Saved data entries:
....
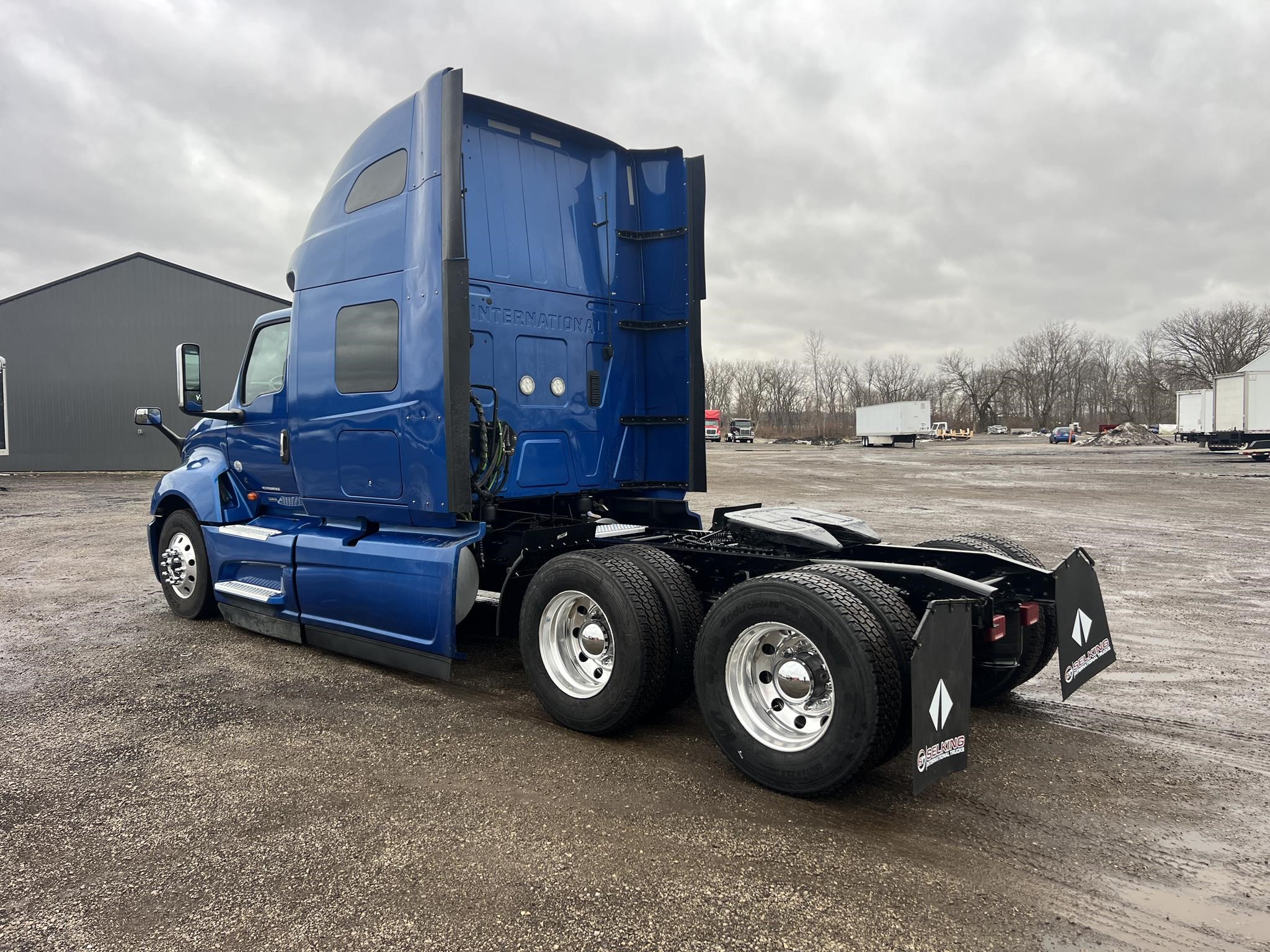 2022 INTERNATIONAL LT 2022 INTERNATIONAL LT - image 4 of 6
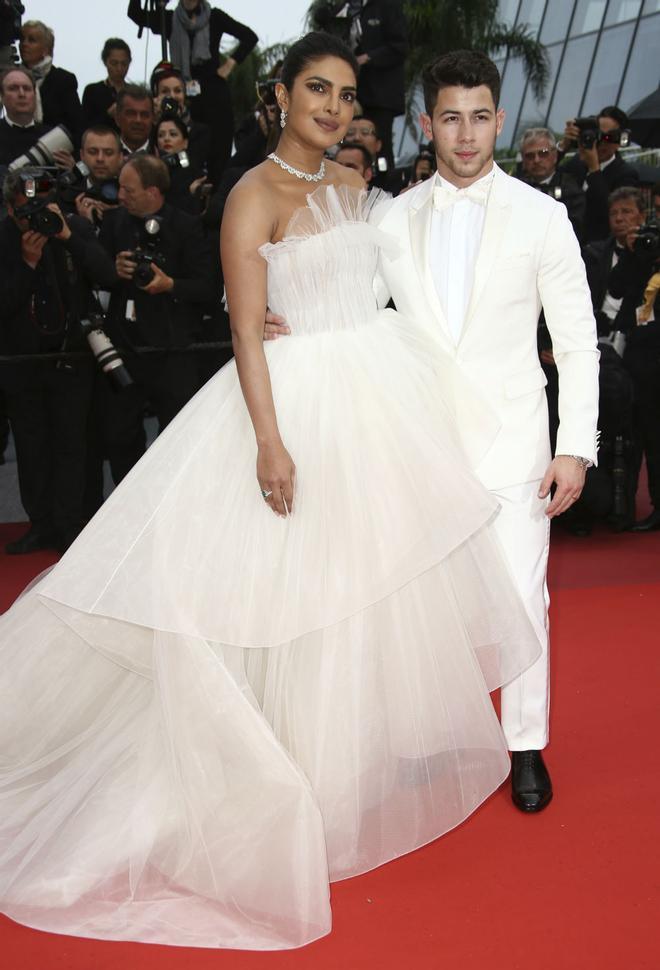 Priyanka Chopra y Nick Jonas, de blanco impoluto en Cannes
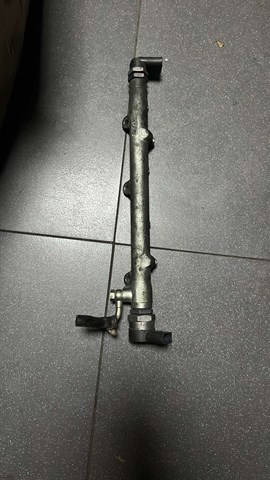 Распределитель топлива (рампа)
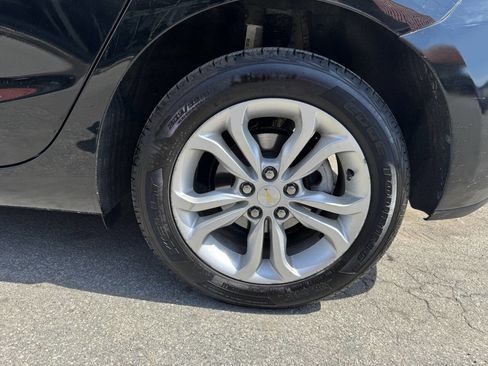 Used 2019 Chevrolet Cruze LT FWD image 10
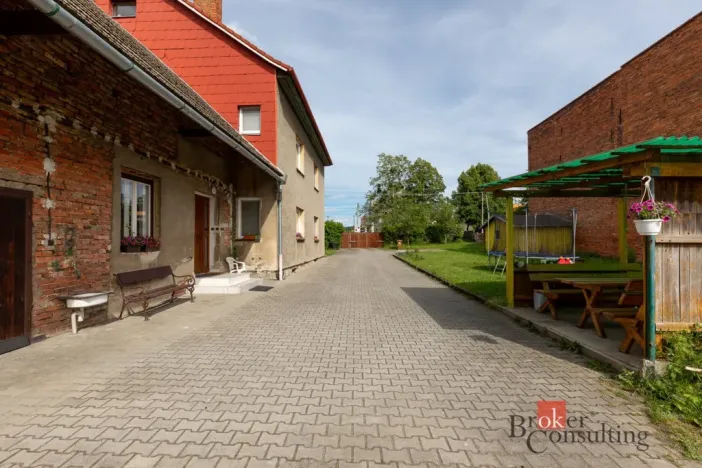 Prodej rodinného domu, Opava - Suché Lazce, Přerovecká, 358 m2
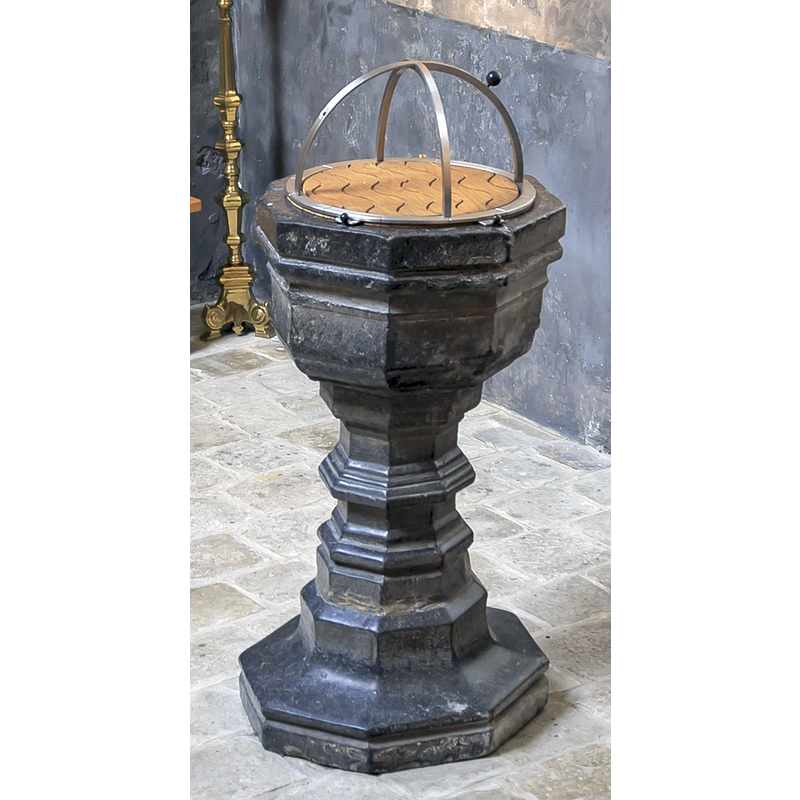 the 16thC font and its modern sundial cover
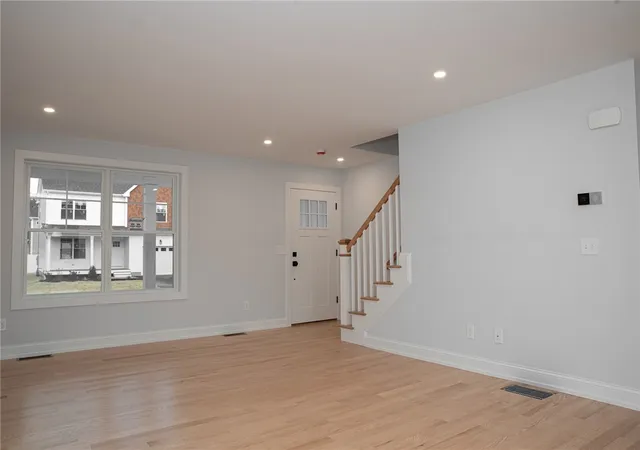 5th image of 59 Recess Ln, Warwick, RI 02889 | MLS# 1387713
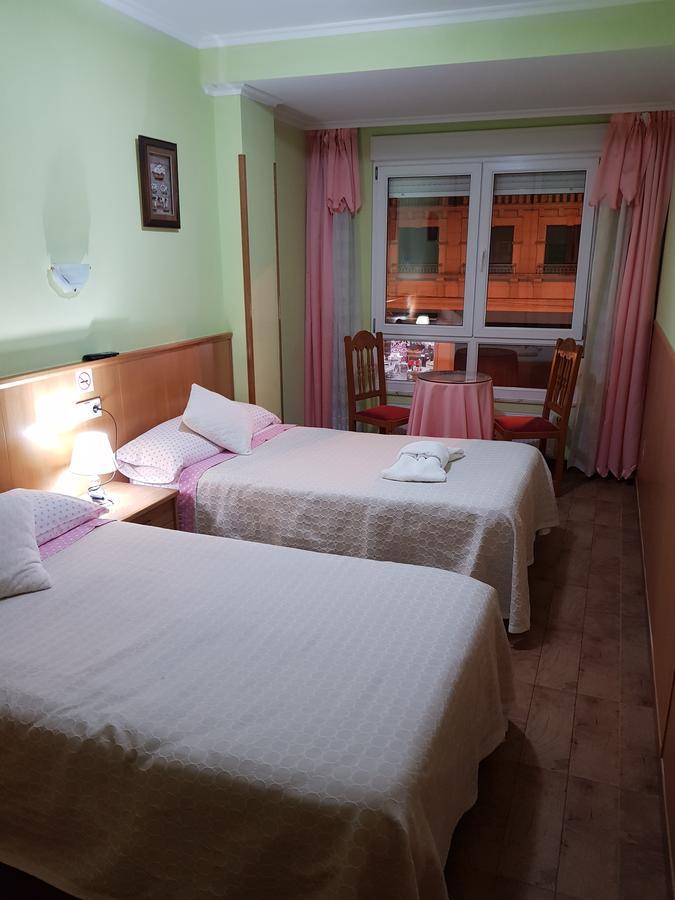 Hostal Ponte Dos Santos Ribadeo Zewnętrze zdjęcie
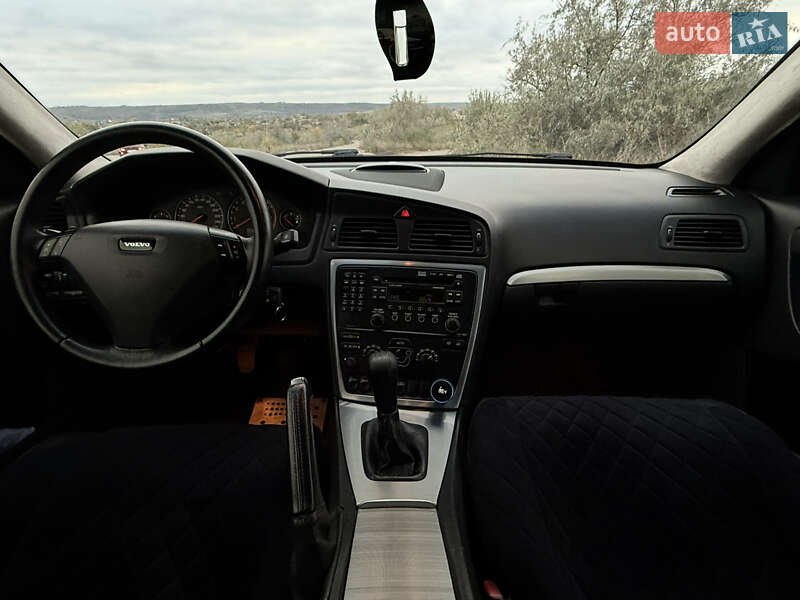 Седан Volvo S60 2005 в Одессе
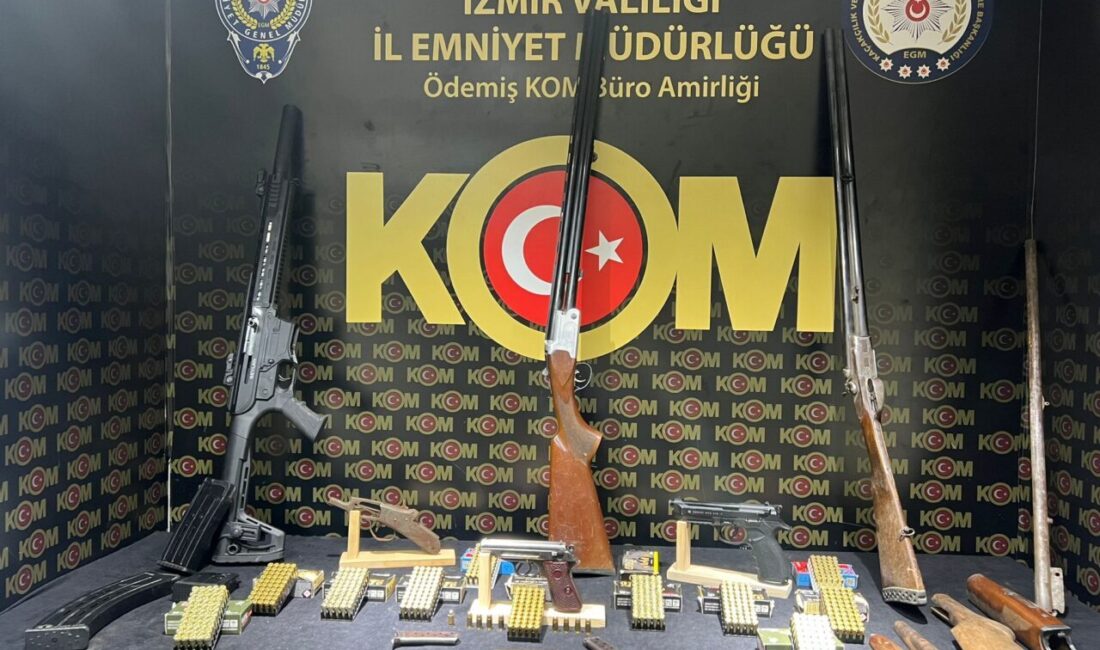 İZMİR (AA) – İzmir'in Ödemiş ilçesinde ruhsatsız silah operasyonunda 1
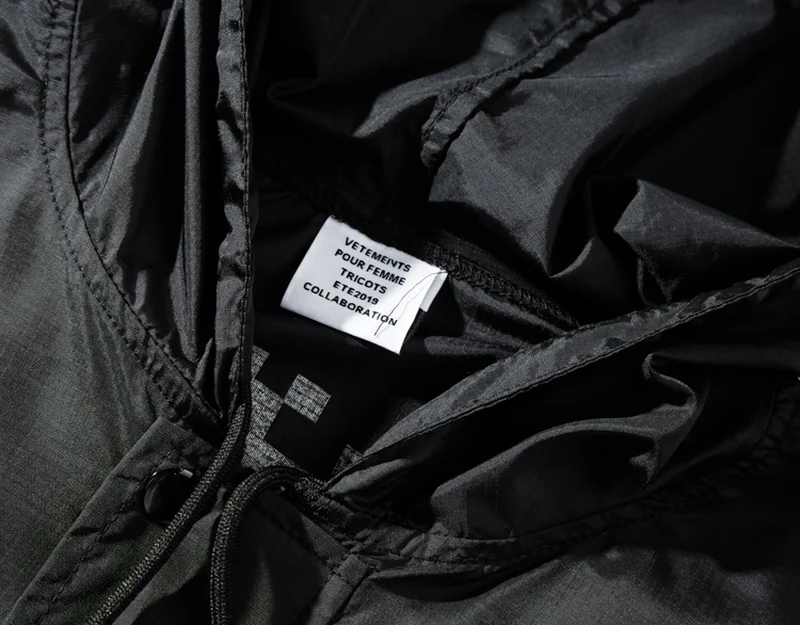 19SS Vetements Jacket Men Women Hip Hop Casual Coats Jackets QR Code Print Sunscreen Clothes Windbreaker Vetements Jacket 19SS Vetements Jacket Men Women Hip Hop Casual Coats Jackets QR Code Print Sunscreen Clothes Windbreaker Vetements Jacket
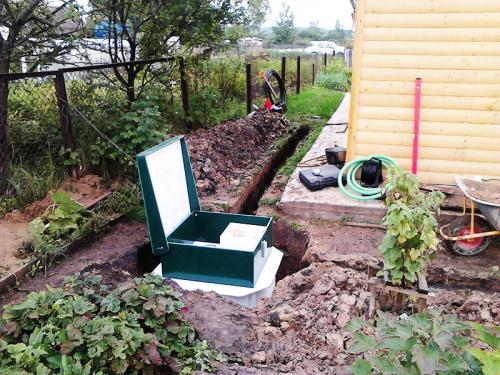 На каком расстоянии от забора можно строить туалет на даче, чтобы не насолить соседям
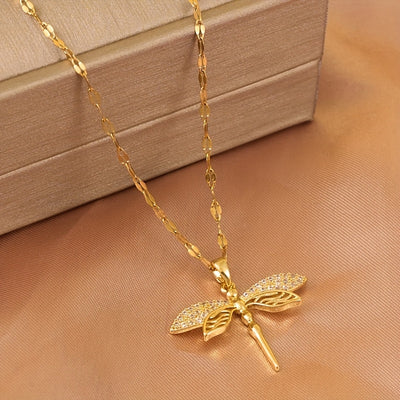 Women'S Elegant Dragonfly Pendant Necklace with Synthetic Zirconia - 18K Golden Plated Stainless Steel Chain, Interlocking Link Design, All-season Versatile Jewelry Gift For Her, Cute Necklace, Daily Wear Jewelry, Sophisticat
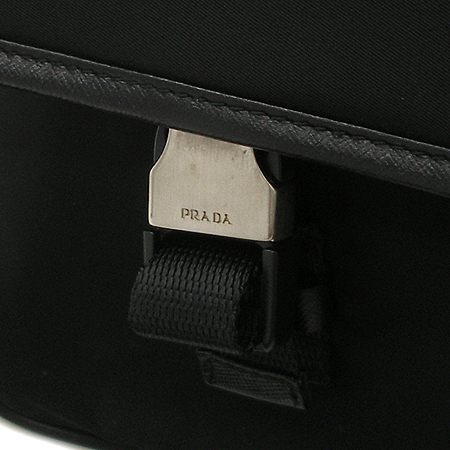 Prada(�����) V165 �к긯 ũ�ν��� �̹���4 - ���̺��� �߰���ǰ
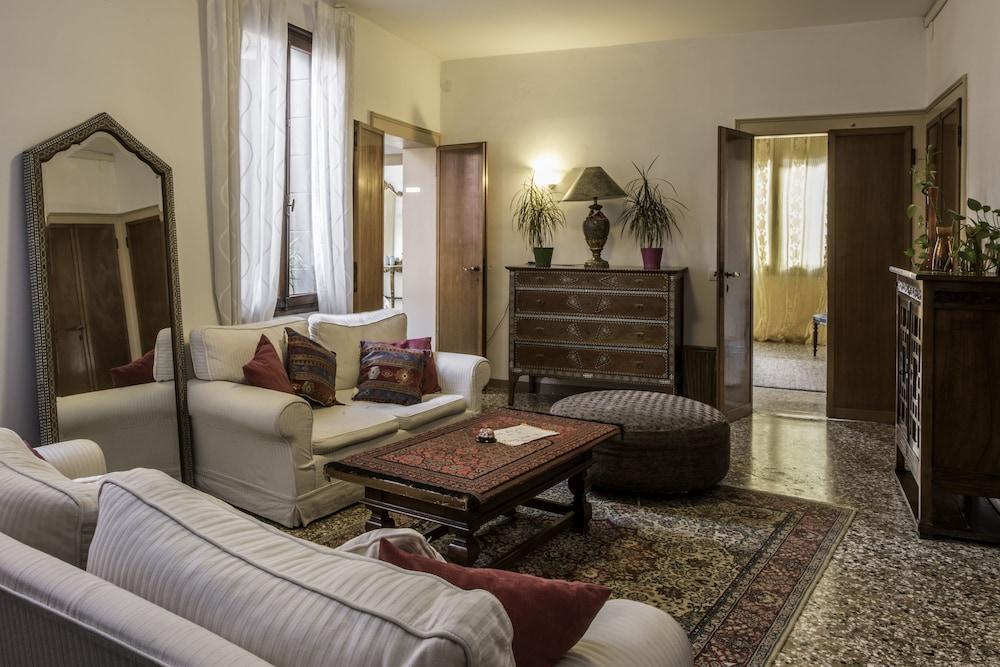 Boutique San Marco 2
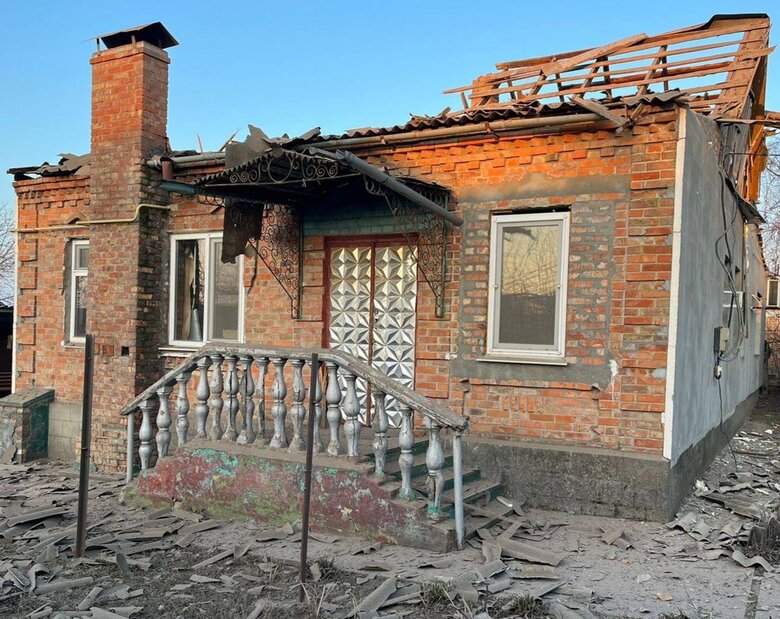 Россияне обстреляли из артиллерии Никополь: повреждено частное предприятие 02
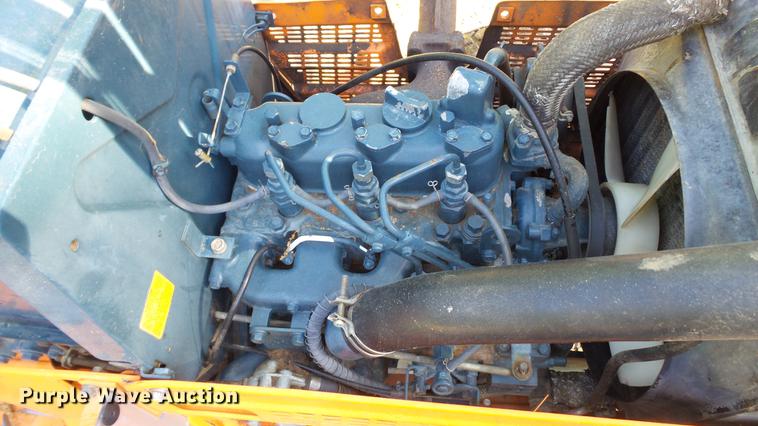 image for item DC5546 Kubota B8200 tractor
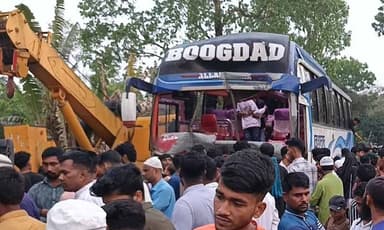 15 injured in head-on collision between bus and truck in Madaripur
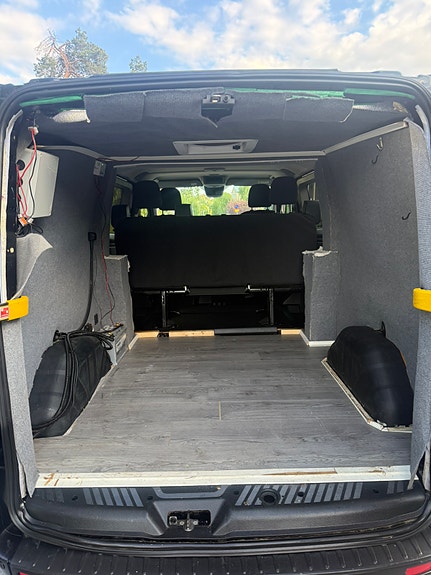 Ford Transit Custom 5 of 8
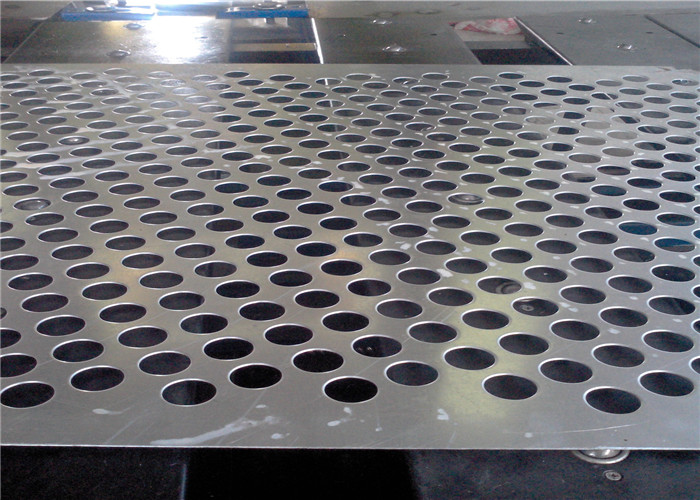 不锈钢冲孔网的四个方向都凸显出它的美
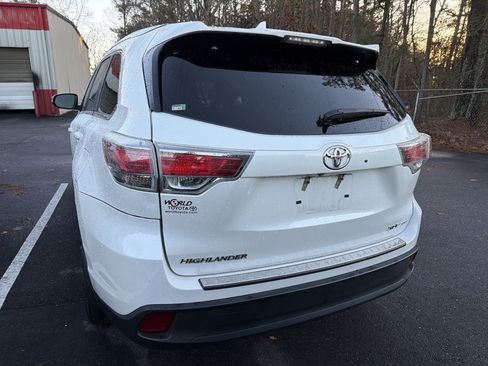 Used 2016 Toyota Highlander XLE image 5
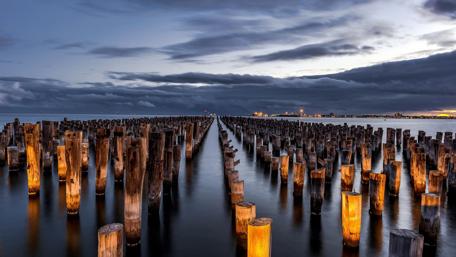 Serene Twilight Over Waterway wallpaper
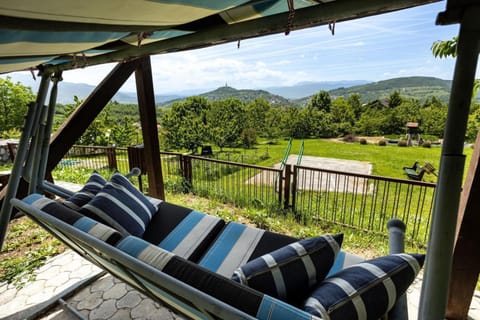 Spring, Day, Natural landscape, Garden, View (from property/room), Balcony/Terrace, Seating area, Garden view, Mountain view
....
For this exercise, transcribe the data exactly but without its pictures.

 2022 INTERNATIONAL LT 2022 INTERNATIONAL LT - image 4 of 6
 Priyanka Chopra y Nick Jonas, de blanco impoluto en Cannes
 Распределитель топлива (рампа)
 Used 2019 Chevrolet Cruze LT FWD image 10
 Prodej rodinného domu, Opava - Suché Lazce, Přerovecká, 358 m2
 the 16thC font and its modern sundial cover
 5th image of 59 Recess Ln, Warwick, RI 02889 | MLS# 1387713
 Hostal Ponte Dos Santos Ribadeo Zewnętrze zdjęcie
 Седан Volvo S60 2005 в Одессе
 İZMİR (AA) – İzmir'in Ödemiş ilçesinde ruhsatsız silah operasyonunda 1
 19SS Vetements Jacket Men Women Hip Hop Casual Coats Jackets QR Code Print Sunscreen Clothes Windbreaker Vetements Jacket 19SS Vetements Jacket Men Women Hip Hop Casual Coats Jackets QR Code Print Sunscreen Clothes Windbreaker Vetements Jacket
 На каком расстоянии от забора можно строить туалет на даче, чтобы не насолить соседям
 Women'S Elegant Dragonfly Pendant Necklace with Synthetic Zirconia - 18K Golden Plated Stainless Steel Chain, Interlocking Link Design, All-season Versatile Jewelry Gift For Her, Cute Necklace, Daily Wear Jewelry, Sophisticat
 Prada(�����) V165 �к긯 ũ�ν��� �̹���4 - ���̺��� �߰���ǰ
 Boutique San Marco 2
 Россияне обстреляли из артиллерии Никополь: повреждено частное предприятие 02
 image for item DC5546 Kubota B8200 tractor
 15 injured in head-on collision between bus and truck in Madaripur
 Ford Transit Custom 5 of 8
 不锈钢冲孔网的四个方向都凸显出它的美
 Used 2016 Toyota Highlander XLE image 5
 Serene Twilight Over Waterway wallpaper
 Spring, Day, Natural landscape, Garden, View (from property/room), Balcony/Terrace, Seating area, Garden view, Mountain view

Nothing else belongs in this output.